比較例4は、樹脂複合材料皮膜1を構成する樹脂粒子2と、無機粒子3と、が実施例1と異なるものであり、その他は実施例1と同様である。表1の「比較例4」に示す、樹脂複合材料皮膜1を構成する樹脂粒子2の粒径と、無機粒子3の短径と、無機粒子3のアスペクト比と、無機粒子3の体積割合と、を用いた。樹脂粒子2には、PolySciences社製PTFE粉末Microdispers-200を用いた。無機粒子3には、DIC株式会社製アルミナフィラーAP20を用いた。

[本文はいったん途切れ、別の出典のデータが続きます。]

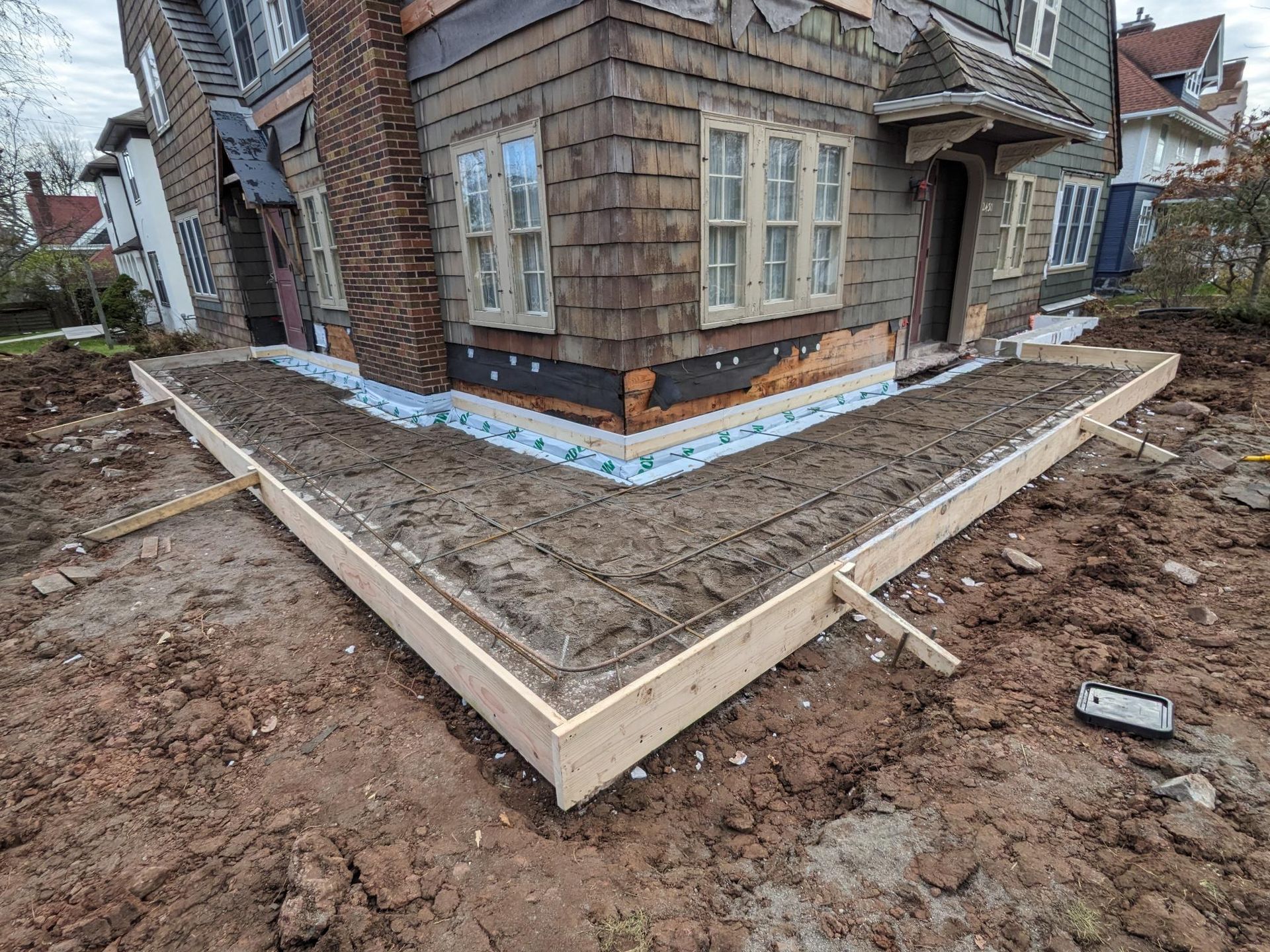 A house is being remodeled and a concrete foundation is being built in front of it.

樹脂粒子2と、無機粒子3と、を混合した混合粉末を用いて、コールドスプレーによりガス温度300℃、ガス圧0.5MPaにて基材9に樹脂複合材料皮膜1を形成した。樹脂複合材料皮膜1の形成後、走査型電子顕微鏡による断面観察から、面方向D1に対する無機粒子3の角度を測定した。レーザー顕微鏡による表面観察から、皮膜表面凹凸を測定した。結果を表1に示す。比較例4の樹脂複合材料皮膜1では、表面凹凸の大きさが適度な表面凹凸よりも小さく、32μmであった。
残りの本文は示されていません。